→ YOUR GOAL:
Which lines run from the line with "Interchangeable Sterling Silver" through the line with "Брелок ключа Volkswagen" in the entries below? Print them exactly, both ends included, and nothing more.
+++
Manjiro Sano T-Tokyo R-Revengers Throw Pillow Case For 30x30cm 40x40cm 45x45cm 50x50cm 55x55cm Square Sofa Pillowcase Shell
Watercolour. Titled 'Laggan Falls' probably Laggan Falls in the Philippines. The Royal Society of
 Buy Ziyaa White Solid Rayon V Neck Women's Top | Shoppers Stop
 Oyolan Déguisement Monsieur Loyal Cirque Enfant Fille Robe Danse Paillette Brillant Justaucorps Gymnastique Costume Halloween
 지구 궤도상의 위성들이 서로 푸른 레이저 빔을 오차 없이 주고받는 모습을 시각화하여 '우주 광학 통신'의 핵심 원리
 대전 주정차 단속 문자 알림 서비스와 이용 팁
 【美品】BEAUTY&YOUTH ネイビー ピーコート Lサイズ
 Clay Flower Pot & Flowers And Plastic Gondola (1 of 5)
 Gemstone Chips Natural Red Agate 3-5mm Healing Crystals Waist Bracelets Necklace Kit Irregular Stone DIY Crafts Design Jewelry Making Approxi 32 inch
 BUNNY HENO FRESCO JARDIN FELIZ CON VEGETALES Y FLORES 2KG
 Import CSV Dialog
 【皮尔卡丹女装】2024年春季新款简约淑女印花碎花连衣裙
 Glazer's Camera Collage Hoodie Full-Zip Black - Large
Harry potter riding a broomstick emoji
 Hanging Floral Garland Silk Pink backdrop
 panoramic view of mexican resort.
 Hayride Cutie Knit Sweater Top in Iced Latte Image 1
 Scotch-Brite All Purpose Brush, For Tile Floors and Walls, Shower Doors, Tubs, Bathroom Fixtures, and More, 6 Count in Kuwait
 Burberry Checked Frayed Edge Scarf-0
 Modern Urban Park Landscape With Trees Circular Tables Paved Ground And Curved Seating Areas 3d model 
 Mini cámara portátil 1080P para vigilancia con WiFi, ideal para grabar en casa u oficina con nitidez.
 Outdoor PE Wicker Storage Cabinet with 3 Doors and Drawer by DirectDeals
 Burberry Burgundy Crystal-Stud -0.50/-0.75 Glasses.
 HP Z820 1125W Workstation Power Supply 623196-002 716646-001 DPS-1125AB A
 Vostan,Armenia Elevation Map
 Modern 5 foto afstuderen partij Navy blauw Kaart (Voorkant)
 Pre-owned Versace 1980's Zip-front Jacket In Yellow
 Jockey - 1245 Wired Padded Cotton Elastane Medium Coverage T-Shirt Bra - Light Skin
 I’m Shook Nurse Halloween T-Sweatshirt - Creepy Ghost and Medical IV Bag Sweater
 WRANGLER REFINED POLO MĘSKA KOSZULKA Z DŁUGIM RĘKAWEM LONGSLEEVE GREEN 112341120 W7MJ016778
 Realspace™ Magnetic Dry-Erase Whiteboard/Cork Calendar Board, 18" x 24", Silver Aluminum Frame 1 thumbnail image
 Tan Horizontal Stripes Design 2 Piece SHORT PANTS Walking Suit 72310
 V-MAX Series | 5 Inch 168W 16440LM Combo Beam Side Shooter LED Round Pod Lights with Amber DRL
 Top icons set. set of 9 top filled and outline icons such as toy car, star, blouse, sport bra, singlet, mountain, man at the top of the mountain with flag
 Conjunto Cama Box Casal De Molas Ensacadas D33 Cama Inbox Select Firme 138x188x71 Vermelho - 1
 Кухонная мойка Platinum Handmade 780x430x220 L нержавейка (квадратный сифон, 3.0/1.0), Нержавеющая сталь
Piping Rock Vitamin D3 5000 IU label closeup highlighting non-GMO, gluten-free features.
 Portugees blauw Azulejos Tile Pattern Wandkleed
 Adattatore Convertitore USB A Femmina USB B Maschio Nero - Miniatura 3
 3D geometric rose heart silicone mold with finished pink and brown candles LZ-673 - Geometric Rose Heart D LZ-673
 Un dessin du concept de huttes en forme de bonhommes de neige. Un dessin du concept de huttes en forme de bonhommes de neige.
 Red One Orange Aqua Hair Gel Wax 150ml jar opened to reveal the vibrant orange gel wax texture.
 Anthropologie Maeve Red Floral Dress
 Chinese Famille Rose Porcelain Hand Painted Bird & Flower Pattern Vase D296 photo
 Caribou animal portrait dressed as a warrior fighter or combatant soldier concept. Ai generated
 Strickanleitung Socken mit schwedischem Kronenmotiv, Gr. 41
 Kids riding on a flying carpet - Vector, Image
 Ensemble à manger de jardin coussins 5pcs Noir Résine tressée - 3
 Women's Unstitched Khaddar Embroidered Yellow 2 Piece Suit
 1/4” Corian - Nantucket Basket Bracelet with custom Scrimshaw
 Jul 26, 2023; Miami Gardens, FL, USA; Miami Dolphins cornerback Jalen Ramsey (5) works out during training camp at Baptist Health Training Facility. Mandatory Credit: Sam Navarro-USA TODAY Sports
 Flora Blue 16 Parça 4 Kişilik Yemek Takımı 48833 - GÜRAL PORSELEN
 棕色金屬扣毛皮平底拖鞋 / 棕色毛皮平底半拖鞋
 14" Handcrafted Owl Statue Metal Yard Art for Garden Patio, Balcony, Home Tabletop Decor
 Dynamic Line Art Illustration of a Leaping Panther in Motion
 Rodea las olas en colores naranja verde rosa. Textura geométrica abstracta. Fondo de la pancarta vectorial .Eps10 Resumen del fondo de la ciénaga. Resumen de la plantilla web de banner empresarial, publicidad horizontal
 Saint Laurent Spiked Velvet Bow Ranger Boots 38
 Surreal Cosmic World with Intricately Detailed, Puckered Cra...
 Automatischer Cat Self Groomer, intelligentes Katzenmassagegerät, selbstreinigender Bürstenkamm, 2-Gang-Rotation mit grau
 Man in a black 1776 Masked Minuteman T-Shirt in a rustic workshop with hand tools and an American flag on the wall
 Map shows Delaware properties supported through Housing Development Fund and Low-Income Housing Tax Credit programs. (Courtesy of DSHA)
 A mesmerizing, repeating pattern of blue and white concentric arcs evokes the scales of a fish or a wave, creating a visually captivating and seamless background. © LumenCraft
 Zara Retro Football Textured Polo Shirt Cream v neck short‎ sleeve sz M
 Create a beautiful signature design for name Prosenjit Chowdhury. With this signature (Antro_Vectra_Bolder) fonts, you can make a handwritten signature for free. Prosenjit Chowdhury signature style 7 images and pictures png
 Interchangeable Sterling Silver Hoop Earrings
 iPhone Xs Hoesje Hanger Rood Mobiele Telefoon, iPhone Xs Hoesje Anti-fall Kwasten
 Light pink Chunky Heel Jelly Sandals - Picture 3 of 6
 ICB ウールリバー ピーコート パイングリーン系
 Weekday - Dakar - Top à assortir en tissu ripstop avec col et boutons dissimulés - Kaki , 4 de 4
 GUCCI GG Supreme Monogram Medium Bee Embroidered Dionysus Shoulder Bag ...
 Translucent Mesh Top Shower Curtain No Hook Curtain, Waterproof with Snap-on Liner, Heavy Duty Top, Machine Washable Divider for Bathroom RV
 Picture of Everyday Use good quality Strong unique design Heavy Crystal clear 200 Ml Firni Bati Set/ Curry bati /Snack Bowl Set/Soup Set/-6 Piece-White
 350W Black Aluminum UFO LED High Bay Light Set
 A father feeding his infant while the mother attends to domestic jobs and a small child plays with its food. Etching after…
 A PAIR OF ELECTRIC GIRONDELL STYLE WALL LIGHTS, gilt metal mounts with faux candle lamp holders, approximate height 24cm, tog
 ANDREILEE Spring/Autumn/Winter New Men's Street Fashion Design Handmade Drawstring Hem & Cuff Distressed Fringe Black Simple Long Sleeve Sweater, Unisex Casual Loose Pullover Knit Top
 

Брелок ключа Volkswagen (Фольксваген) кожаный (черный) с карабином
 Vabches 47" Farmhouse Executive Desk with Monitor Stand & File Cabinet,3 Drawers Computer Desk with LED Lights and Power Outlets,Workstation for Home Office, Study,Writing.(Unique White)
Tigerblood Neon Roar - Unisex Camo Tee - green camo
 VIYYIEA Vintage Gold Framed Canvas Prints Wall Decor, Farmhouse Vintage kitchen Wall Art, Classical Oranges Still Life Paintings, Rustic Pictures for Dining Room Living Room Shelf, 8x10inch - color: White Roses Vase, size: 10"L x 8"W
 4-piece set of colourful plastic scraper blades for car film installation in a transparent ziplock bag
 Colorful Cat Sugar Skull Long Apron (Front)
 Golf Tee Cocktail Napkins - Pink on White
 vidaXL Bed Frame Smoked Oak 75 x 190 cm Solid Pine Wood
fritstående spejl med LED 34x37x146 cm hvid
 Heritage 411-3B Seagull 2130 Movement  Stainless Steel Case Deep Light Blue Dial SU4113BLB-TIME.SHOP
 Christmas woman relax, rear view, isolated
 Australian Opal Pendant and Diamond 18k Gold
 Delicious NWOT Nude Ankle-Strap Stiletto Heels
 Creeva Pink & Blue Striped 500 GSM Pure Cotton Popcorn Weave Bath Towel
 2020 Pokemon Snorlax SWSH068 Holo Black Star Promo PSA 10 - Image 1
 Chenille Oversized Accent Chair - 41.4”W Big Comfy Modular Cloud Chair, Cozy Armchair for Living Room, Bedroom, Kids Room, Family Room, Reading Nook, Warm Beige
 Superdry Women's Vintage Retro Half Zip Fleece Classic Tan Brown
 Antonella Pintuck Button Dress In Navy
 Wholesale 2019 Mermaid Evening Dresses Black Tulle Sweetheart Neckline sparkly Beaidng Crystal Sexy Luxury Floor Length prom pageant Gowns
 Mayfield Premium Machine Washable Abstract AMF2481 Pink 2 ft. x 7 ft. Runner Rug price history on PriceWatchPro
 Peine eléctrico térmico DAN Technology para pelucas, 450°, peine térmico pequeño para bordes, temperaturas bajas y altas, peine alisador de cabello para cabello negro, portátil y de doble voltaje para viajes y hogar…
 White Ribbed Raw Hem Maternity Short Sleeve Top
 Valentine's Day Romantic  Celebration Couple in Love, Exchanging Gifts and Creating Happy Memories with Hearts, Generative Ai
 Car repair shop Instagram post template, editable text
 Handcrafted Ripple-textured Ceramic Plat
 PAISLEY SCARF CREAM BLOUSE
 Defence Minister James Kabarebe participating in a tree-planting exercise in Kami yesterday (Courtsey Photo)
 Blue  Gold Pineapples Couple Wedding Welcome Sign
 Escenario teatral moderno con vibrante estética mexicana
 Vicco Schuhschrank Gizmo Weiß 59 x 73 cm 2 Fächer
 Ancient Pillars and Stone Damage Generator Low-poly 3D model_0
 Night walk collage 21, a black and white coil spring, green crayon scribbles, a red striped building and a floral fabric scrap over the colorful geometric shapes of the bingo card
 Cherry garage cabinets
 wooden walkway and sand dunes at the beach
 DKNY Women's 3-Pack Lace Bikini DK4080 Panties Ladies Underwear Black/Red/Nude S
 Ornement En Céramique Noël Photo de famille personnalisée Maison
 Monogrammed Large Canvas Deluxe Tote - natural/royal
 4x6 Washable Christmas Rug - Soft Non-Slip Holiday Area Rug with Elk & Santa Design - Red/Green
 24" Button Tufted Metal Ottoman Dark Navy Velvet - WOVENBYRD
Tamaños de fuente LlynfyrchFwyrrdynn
+++
→ EXERCISE SOLUTION:
 Interchangeable Sterling Silver Hoop Earrings
 iPhone Xs Hoesje Hanger Rood Mobiele Telefoon, iPhone Xs Hoesje Anti-fall Kwasten
 Light pink Chunky Heel Jelly Sandals - Picture 3 of 6
 ICB ウールリバー ピーコート パイングリーン系
 Weekday - Dakar - Top à assortir en tissu ripstop avec col et boutons dissimulés - Kaki , 4 de 4
 GUCCI GG Supreme Monogram Medium Bee Embroidered Dionysus Shoulder Bag ...
 Translucent Mesh Top Shower Curtain No Hook Curtain, Waterproof with Snap-on Liner, Heavy Duty Top, Machine Washable Divider for Bathroom RV
 Picture of Everyday Use good quality Strong unique design Heavy Crystal clear 200 Ml Firni Bati Set/ Curry bati /Snack Bowl Set/Soup Set/-6 Piece-White
 350W Black Aluminum UFO LED High Bay Light Set
 A father feeding his infant while the mother attends to domestic jobs and a small child plays with its food. Etching after…
 A PAIR OF ELECTRIC GIRONDELL STYLE WALL LIGHTS, gilt metal mounts with faux candle lamp holders, approximate height 24cm, tog
 ANDREILEE Spring/Autumn/Winter New Men's Street Fashion Design Handmade Drawstring Hem & Cuff Distressed Fringe Black Simple Long Sleeve Sweater, Unisex Casual Loose Pullover Knit Top
 

Брелок ключа Volkswagen (Фольксваген) кожаный (черный) с карабином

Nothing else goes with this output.